**What is needed**: The lines from the top of the data down to the line with "Group of elderly" should be repeated exactly, both ends included.

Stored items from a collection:

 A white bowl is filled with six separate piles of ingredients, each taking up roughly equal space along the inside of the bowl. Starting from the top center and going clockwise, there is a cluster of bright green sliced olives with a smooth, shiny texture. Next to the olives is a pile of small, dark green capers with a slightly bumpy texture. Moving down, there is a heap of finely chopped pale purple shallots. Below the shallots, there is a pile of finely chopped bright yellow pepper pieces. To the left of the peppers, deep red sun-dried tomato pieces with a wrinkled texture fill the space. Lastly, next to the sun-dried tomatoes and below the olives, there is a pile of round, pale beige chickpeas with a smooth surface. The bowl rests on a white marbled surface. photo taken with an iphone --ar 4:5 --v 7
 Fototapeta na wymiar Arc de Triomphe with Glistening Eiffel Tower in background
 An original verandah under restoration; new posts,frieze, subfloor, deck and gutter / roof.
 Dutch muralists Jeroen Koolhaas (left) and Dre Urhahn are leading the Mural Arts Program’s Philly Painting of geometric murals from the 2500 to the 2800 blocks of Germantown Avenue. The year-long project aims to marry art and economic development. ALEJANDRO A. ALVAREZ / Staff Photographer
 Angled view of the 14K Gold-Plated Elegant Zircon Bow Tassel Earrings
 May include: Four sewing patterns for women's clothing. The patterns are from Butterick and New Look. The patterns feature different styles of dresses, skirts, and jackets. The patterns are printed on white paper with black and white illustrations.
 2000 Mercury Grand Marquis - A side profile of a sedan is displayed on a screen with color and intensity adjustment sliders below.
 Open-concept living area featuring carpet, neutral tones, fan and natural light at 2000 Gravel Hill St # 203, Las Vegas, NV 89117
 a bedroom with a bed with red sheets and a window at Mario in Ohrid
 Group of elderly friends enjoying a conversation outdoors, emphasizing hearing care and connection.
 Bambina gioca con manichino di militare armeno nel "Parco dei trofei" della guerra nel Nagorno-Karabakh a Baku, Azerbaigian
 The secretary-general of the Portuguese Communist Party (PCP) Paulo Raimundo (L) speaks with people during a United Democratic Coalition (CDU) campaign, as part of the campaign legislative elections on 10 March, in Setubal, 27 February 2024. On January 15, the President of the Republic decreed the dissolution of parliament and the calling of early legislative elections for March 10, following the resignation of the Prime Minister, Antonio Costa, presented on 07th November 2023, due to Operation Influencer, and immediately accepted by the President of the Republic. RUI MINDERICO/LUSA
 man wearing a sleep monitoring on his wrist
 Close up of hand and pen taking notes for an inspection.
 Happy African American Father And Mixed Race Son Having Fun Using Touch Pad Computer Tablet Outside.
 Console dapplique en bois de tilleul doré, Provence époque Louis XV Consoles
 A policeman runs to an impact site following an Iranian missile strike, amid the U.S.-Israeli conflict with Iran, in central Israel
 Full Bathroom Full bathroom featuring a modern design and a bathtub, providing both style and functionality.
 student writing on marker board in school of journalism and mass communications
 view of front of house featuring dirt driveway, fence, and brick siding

**Exercise answer**:
 A white bowl is filled with six separate piles of ingredients, each taking up roughly equal space along the inside of the bowl. Starting from the top center and going clockwise, there is a cluster of bright green sliced olives with a smooth, shiny texture. Next to the olives is a pile of small, dark green capers with a slightly bumpy texture. Moving down, there is a heap of finely chopped pale purple shallots. Below the shallots, there is a pile of finely chopped bright yellow pepper pieces. To the left of the peppers, deep red sun-dried tomato pieces with a wrinkled texture fill the space. Lastly, next to the sun-dried tomatoes and below the olives, there is a pile of round, pale beige chickpeas with a smooth surface. The bowl rests on a white marbled surface. photo taken with an iphone --ar 4:5 --v 7
 Fototapeta na wymiar Arc de Triomphe with Glistening Eiffel Tower in background
 An original verandah under restoration; new posts,frieze, subfloor, deck and gutter / roof.
 Dutch muralists Jeroen Koolhaas (left) and Dre Urhahn are leading the Mural Arts Program’s Philly Painting of geometric murals from the 2500 to the 2800 blocks of Germantown Avenue. The year-long project aims to marry art and economic development. ALEJANDRO A. ALVAREZ / Staff Photographer
 Angled view of the 14K Gold-Plated Elegant Zircon Bow Tassel Earrings
 May include: Four sewing patterns for women's clothing. The patterns are from Butterick and New Look. The patterns feature different styles of dresses, skirts, and jackets. The patterns are printed on white paper with black and white illustrations.
 2000 Mercury Grand Marquis - A side profile of a sedan is displayed on a screen with color and intensity adjustment sliders below.
 Open-concept living area featuring carpet, neutral tones, fan and natural light at 2000 Gravel Hill St # 203, Las Vegas, NV 89117
 a bedroom with a bed with red sheets and a window at Mario in Ohrid
 Group of elderly friends enjoying a conversation outdoors, emphasizing hearing care and connection.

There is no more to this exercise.